30. (a) What is meant by common ion effect?

  • Common Ion Effect: The suppression of the ionization of a weak electrolyte by the addition of a strong electrolyte that has a common ion.

(b) Calculate the pH of a 1.0 x 10⁻³ M solution of HCl (given-log10 = 0.0414)

  • HCl is a strong acid and completely ionizes in water.
  • [H⁺] = 1.0 x 10⁻³ M
  • pH = -log[H⁺] = -log(1.0 x 10⁻³) = -(-3) = 3

(c) Arrange the following in increasing order of acidic strength:

  • (i) HF, HCl, HBr, HI

    • Order: HF < HCl < HBr < HI
    • Explanation: Acid strength increases down the group due to the increasing size of the halogen atom and decreasing bond strength of the H-X bond.
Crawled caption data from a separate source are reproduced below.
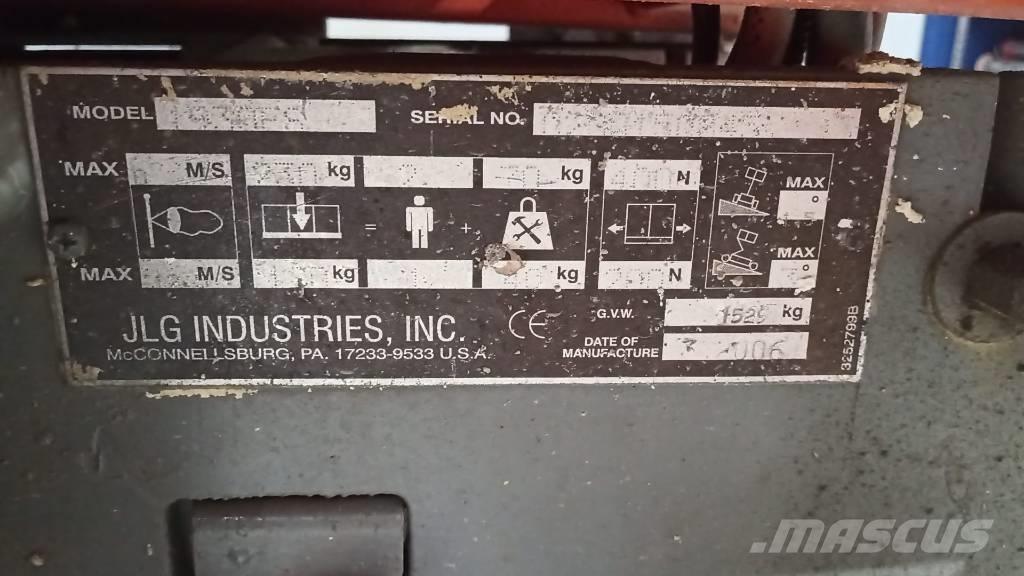 JLG 1930 ES Scissor lifts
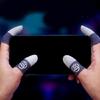 Glowing Conductive Finger Covers Sleeves Protectors Gloves For Mobile Gaming Fast Responsive Surfaces For Competitive Play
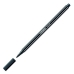 Carioci Stabilo Pen 68 Negru (10 Piese)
  • (ii) CH₄, NH₃, H₂O, HF

    • Order: CH₄ < NH₃ < H₂O < HF
    • Explanation: Acid strength increases with the increasing electronegativity of the atom bonded to hydrogen.

31. (a) State Huckel’s rule of aromaticity. What are necessary and sufficient conditions for a molecule to be aromatic?

  • Hückel’s Rule: A planar, cyclic, conjugated molecule with (4n+2) π-electrons (where n is an integer) is considered aromatic.

Necessary and Sufficient Conditions:

  1. Planarity: The molecule must be planar.
  2. Cyclic structure: The molecule must have a cyclic structure.
  3. Conjugation: The molecule must have a continuous system of overlapping p-orbitals.
  4. (4n+2) π-electrons: The molecule must have (4n+2) π-electrons, where n is an integer (0, 1, 2, etc.). This is also known as the Huckel’s rule.

(b) Give the following reactions:

i) Friedel-Crafts acylation of benzene with acetyl chloride

  • Benzene + CH₃COCl (in presence of AlCl₃) → Acetophenone (C₆H₅COCH₃) + HCl

ii) Reduction of phenol with zinc dust.

  • Phenol + Zn → Benzene + ZnO

iii) Sodium acetate react with soda lime

  • CH₃COONa + NaOH (soda lime) → CH≡CH (acetylene) + Na₂CO₃

OR

32. (a) State Markovnikov’s rule

  • Markovnikov’s Rule: In the addition of HX (where X is a halogen) to an unsymmetrical alkene, the hydrogen atom gets attached to the carbon atom with more hydrogen atoms, and the halogen atom gets attached to the carbon atom with fewer hydrogen atoms.

32. (b) Write the mechanism of addition of HBr to propene

  • The mechanism involves the formation of a carbocation intermediate.
  • The electrophilic H⁺ attacks the double bond of propene, forming a more stable secondary carbocation.
  • The bromide ion (Br⁻) then attacks the carbocation to form 2-bromopropane.

32. (c) Perform the following conversion:

i) Ethyne to Ethanal

  1. Hydroboration-Oxidation: Ethyne reacts with diborane (BH₃) followed by oxidation with hydrogen peroxide and sodium hydroxide to form ethanal.

ii) Benzene to Nitrobenzene

  1. Nitration: Benzene reacts with a mixture of concentrated nitric acid and concentrated sulfuric acid (nitrating mixture) to form nitrobenzene.